Ainsi Kadia, une étudiante à l”université, révèle qu”elle a pris son premier verre quand elle était au lycée. Cela l”a entraîné dans une véritable descente aux enfers. "Mon copain buvait. Nous sortions en groupe. Tout le monde buvait pour ne pas être exclu du "grin". Afin de garder mon copain, j”ai pris l”habitude de siroter. J”étais donc sur une pente glissante. Aujourd”hui, je suis maintenant un accroc. Et je bois sec", raconte-t-elle.
Contrairement à Kadia, Bintou S. vit dans les bars. Issue d”une famille démunie, elle a quitté l”école au niveau du primaire. B.S n”avait d”autre choix pour subvenir à ses besoins et à ceux de sa famille que de fréquenter les bars. Elle devait boire pour avoir le cran d”aborder les hommes, être en forme et diluer les soucis. Il n”est pas facile, selon Kadia, de vivre ainsi sans protection.
Plusieurs interlocutrices trouvent qu”il faut boire pour être dans l”air du temps. Tel est le cas de l”enfant gâtée Fatim. Elle est née d”une famille aisée. Elle a tout ce qu”elle veut. Cette citadine boit pour son plaisir. Et elle nous a expliqué ce choix. "Je ne buvais pas avant, mais je me sentais bien dans l”ambiance des bars. A force de fréquenter ces lieux, j”ai fini par boire. Je ne regrette rien car l”alcool me met en forme. Dès que je bois un verre, je m”épanouis. J”ai l”impression que je peux soulever la terre entière."
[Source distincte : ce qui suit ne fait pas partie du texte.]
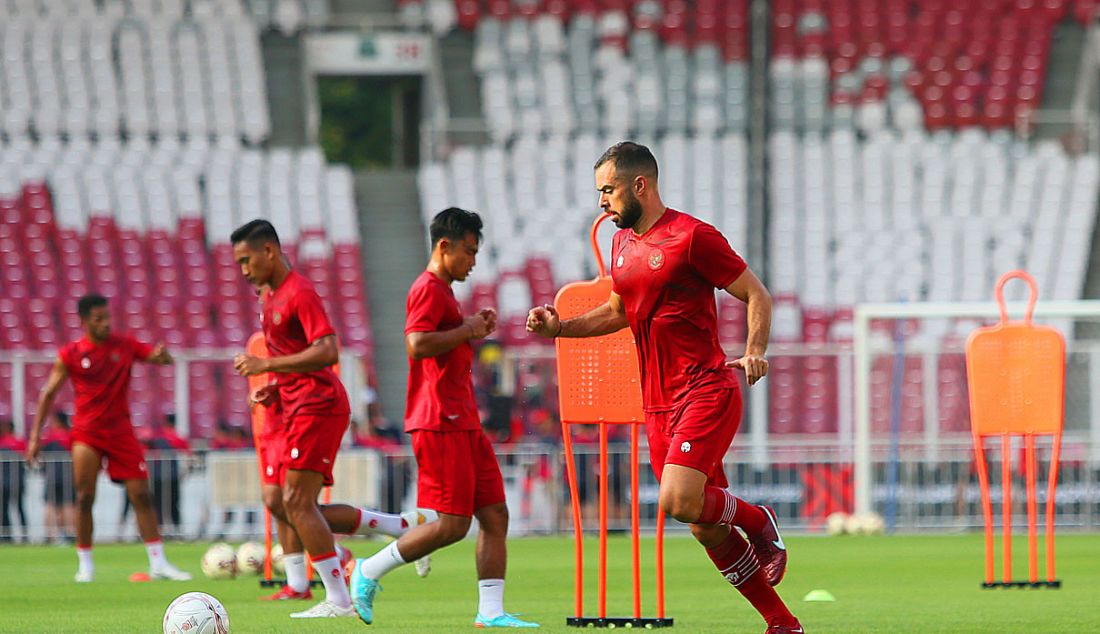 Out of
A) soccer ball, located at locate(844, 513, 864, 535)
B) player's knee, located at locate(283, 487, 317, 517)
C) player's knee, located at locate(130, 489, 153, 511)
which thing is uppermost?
player's knee, located at locate(283, 487, 317, 517)

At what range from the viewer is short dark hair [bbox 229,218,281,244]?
31.8ft

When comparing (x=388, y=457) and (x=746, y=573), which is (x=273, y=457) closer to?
(x=746, y=573)

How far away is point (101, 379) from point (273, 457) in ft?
13.5

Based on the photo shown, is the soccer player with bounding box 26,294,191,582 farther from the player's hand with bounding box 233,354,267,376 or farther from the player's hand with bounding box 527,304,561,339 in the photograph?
the player's hand with bounding box 527,304,561,339

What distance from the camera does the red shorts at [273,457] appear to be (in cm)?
994

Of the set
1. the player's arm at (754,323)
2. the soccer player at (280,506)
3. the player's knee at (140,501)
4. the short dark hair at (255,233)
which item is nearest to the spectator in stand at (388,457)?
the player's knee at (140,501)

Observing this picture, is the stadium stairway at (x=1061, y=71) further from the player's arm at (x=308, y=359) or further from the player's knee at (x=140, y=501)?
the player's arm at (x=308, y=359)

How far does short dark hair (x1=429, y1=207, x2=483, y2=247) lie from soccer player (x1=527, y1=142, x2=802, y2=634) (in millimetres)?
1465

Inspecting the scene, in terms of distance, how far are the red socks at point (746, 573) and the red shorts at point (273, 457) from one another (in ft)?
10.2

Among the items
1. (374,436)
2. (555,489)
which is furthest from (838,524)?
(374,436)

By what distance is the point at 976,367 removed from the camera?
11.3m

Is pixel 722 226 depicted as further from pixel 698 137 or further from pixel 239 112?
pixel 239 112

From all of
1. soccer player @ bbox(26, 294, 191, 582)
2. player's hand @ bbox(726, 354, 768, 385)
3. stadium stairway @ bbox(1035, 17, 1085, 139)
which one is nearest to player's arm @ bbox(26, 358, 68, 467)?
soccer player @ bbox(26, 294, 191, 582)

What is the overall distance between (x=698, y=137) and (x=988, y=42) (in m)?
5.61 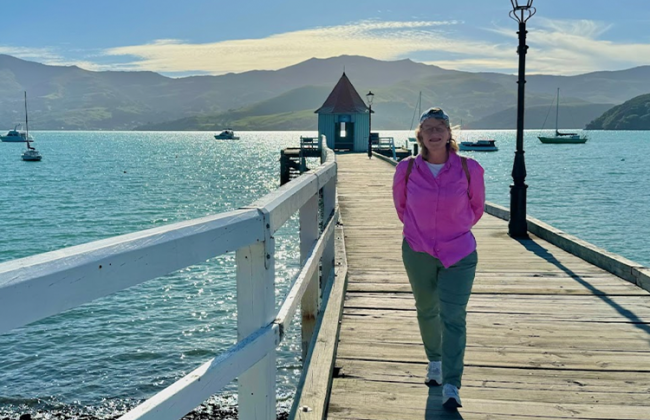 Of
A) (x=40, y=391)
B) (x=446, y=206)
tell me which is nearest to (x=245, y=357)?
(x=446, y=206)

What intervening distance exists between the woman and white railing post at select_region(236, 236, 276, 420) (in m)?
1.64

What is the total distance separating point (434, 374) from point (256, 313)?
2.17 meters

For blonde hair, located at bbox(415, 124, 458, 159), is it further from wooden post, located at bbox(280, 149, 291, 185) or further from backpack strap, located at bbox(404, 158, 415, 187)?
wooden post, located at bbox(280, 149, 291, 185)

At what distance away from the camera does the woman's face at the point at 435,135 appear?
3.72m

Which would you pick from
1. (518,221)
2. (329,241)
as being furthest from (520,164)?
(329,241)

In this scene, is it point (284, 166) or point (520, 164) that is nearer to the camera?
point (520, 164)

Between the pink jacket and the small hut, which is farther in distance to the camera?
the small hut

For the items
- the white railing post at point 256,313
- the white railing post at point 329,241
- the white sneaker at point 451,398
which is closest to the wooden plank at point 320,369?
the white railing post at point 329,241

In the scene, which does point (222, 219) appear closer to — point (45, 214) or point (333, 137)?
point (45, 214)

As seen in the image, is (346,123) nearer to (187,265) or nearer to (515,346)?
(515,346)

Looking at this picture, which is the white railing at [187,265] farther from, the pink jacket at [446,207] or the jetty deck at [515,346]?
the jetty deck at [515,346]

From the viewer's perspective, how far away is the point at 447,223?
3.75 metres

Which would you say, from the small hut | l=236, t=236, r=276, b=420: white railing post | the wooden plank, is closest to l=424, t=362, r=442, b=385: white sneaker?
the wooden plank

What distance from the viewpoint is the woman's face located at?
3721mm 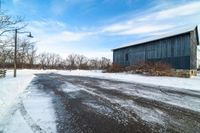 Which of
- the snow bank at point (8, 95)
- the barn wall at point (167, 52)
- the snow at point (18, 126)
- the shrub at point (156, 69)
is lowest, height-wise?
the snow at point (18, 126)

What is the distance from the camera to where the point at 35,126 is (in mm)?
4992

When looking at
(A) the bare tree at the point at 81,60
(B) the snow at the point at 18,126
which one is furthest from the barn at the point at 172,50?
(A) the bare tree at the point at 81,60

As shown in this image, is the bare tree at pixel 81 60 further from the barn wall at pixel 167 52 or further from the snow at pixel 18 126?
the snow at pixel 18 126

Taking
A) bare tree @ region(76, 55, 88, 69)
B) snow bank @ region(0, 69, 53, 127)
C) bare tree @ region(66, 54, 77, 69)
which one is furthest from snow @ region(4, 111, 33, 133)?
bare tree @ region(76, 55, 88, 69)

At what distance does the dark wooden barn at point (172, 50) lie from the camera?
29453mm

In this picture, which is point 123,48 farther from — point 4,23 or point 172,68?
point 4,23

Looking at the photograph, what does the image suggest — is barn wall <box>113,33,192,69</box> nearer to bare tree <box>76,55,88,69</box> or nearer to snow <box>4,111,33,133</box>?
snow <box>4,111,33,133</box>

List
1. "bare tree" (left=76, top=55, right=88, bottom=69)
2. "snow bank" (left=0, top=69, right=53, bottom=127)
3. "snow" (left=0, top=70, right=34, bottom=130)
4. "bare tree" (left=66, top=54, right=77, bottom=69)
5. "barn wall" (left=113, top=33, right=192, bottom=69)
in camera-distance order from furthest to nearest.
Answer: "bare tree" (left=76, top=55, right=88, bottom=69), "bare tree" (left=66, top=54, right=77, bottom=69), "barn wall" (left=113, top=33, right=192, bottom=69), "snow" (left=0, top=70, right=34, bottom=130), "snow bank" (left=0, top=69, right=53, bottom=127)

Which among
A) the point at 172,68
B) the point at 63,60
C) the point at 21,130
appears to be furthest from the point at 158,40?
the point at 63,60

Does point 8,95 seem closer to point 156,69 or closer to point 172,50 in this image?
point 156,69

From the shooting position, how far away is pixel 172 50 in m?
31.8

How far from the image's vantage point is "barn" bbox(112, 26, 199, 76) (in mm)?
29453

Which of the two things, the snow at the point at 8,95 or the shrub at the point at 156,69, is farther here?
the shrub at the point at 156,69

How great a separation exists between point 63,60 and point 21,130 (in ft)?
323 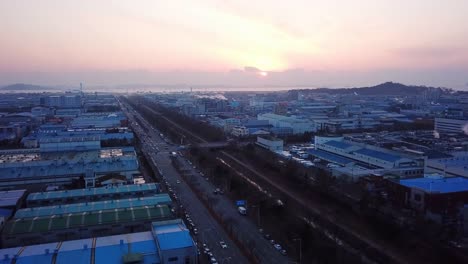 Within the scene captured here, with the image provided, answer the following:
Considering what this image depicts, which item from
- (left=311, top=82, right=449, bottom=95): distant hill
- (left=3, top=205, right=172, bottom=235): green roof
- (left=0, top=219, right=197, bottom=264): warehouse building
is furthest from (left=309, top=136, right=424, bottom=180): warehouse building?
(left=311, top=82, right=449, bottom=95): distant hill

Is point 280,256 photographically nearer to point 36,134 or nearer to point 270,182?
point 270,182

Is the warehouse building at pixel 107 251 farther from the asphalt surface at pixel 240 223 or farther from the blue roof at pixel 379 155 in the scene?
the blue roof at pixel 379 155

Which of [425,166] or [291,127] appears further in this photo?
[291,127]

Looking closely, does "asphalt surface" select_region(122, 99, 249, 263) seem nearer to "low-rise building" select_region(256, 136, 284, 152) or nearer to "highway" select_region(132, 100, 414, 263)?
"highway" select_region(132, 100, 414, 263)

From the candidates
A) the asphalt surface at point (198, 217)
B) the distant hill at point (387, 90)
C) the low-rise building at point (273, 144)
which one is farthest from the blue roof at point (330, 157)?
the distant hill at point (387, 90)

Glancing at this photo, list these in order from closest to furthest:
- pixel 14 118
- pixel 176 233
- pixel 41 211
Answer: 1. pixel 176 233
2. pixel 41 211
3. pixel 14 118

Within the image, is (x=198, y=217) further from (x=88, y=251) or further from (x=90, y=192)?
(x=88, y=251)

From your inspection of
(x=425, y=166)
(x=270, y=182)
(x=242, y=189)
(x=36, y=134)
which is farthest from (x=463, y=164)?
(x=36, y=134) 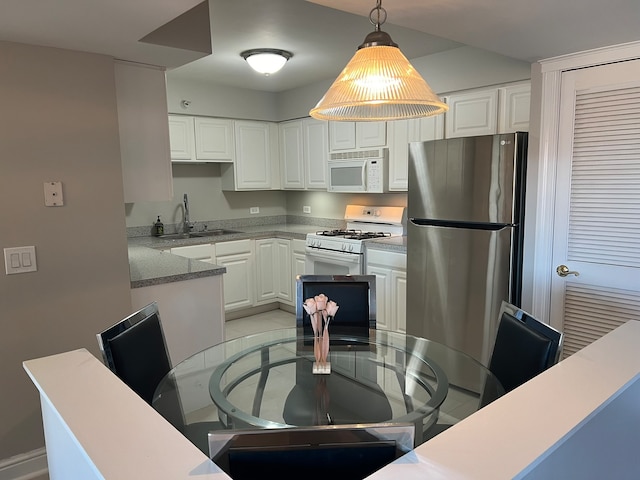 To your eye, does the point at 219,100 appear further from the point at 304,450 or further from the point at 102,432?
the point at 304,450

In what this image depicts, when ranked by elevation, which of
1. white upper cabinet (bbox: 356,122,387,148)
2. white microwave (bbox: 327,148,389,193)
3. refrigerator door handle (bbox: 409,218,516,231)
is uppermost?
white upper cabinet (bbox: 356,122,387,148)

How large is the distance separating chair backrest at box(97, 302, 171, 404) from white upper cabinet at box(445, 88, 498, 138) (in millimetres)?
2575

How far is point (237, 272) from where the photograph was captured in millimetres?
4688

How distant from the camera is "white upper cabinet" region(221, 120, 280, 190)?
4.95 m

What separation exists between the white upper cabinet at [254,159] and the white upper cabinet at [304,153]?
0.11m

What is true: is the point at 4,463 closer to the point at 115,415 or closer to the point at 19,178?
the point at 19,178

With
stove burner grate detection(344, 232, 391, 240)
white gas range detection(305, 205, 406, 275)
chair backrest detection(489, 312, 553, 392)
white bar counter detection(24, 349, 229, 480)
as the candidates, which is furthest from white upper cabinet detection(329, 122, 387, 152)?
white bar counter detection(24, 349, 229, 480)

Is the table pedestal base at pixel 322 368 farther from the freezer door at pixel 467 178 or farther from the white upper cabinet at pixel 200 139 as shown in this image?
the white upper cabinet at pixel 200 139

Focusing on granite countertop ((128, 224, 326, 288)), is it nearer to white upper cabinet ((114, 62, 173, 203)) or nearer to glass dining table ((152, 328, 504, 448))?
white upper cabinet ((114, 62, 173, 203))

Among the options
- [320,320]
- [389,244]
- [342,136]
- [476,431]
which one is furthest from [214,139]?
[476,431]

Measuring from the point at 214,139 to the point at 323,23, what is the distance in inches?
85.2

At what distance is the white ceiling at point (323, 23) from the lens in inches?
68.0

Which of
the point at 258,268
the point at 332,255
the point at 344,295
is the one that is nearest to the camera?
the point at 344,295

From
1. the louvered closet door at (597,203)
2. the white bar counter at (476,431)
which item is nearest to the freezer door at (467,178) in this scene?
the louvered closet door at (597,203)
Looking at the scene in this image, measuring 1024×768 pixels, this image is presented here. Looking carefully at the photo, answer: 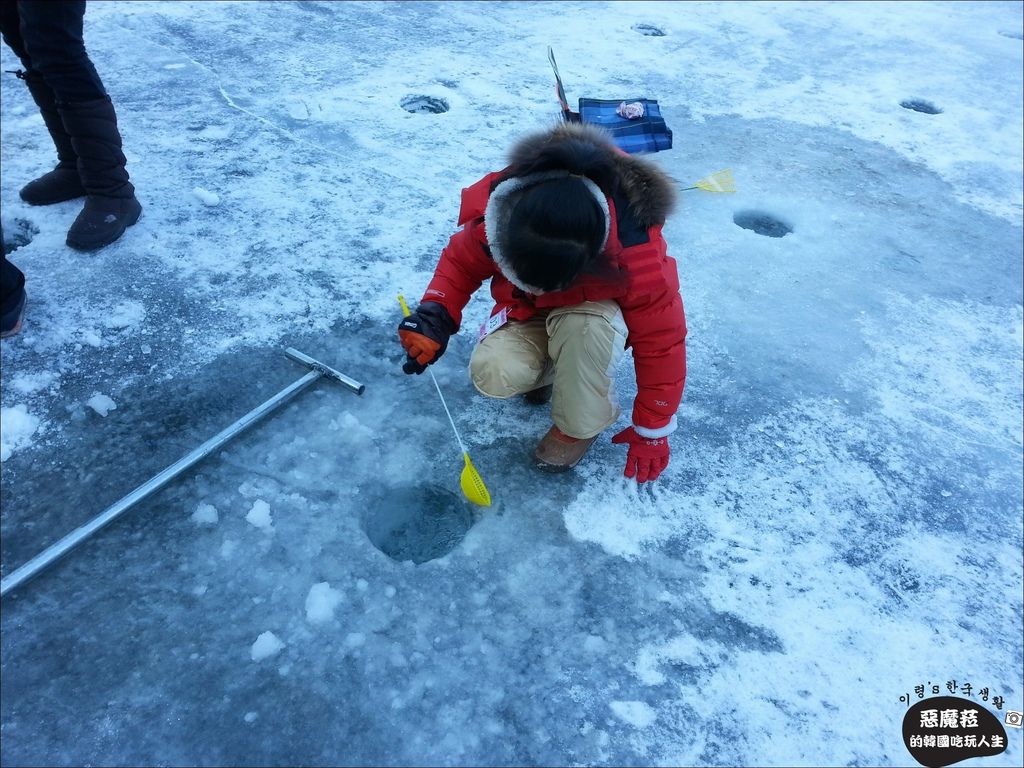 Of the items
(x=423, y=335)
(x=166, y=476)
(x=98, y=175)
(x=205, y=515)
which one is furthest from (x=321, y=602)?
(x=98, y=175)

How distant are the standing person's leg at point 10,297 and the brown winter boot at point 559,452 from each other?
5.43 ft

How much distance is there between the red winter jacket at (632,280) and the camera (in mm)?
1496

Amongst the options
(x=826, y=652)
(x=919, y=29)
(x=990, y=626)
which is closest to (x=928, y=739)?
(x=826, y=652)

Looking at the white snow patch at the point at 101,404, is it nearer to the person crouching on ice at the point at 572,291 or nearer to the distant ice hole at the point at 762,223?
the person crouching on ice at the point at 572,291

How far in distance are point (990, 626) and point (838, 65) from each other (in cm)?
443

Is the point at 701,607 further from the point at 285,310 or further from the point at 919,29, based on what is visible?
the point at 919,29

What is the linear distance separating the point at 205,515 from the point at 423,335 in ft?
2.32

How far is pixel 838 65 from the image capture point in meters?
4.72

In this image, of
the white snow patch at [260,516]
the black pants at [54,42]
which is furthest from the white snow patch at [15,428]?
the black pants at [54,42]

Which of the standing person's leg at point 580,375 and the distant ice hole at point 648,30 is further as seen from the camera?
the distant ice hole at point 648,30

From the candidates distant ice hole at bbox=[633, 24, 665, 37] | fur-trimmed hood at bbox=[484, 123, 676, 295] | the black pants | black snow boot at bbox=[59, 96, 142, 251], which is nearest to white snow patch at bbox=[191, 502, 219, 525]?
fur-trimmed hood at bbox=[484, 123, 676, 295]

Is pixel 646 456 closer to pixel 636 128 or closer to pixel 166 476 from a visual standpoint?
pixel 636 128

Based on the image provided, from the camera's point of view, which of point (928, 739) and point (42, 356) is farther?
point (42, 356)

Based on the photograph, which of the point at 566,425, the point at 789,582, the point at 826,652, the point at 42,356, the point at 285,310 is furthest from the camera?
the point at 285,310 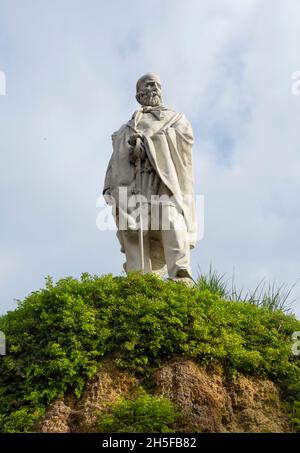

Bandes d”alcooliques. Selon le gérant d”un bar de la place, les filles viennent souvent en groupe et elles consomment beaucoup plus que les garçons. Auparavant, continue le gérant, la plupart d”entre elles se cachaient. Mais actuellement elles ne se gênent pas. Elles boivent au vu et au su de tout le monde. Ainsi Maïmouna estime que boire n”a rien de dégradant. "Je bois depuis l”âge de 15 ans, avoue-t-elle. Dans notre famille, nous buvons tous ensemble mon père, ma mère, mes frères et soeurs." Il est évident que plusieurs facteurs dont la situation familiale, le vice poussent les filles à boire.
La serveuse du bar Yama a commencé un jour à boire pour satisfaire un client capricieux. "J”étais dans la nécessité. Mais malheureusement, je suis tombée enceinte. L”homme en question ne voulait pas entendre parler de cette grossesse. J”ai donc continué à boire pour soulager ma peine. Ensuite pour mieux exercer mon métier de fille de joie. Je n”ai pas d”autre alternative pour m”occuper de mon garçon de 3 ans", confesse-t-elle les larmes aux yeux.
Le jugement de l”étudiante Sadio sur les filles alcooliques est sans appel. "Mes soeurs qui boivent sont des complexées, affirme-t-elle. Elles imitent les blancs. Ce mimétisme a coûté la santé et sa jeunesse à Badialo. Aujourd”hui cette alcoolique regrette amèrement son sort. Elles connaît de nombreux problèmes de santé actuellement. Mais malheureusement elle ne peut plus se passer de boire. Et elle se plaint. "Je suis malade, mais je ne peux pas résister à l”envie de boire. C”est regrettable mais c”est ainsi." Le calvaire de cette pauvre fille est une leçon : boire au lieu d”être un plaisir devient une nécessité.
Les filles qui boivent sont toujours mal vues dans leur entourage. Elles enfreignent les moeurs, les coutumes, l”honneur, la dignité. C”est l”acculturation totale. "Je plains sincèrement les mères de ces filles, elles doivent vivre un véritable enfer", commente la vieille Worokia. Elle pense que toutes les mamans désirent voir leurs enfants réussir. L”alcool ne nourrit personne. Au contraire, il détruit à petit feu. "Les filles alcooliques doivent se ressaisir", ajoute Ba Worokia. Elles doivent impérativement prendre conscience qu”elles ont la lourde responsabilité de s”occuper d”un foyer.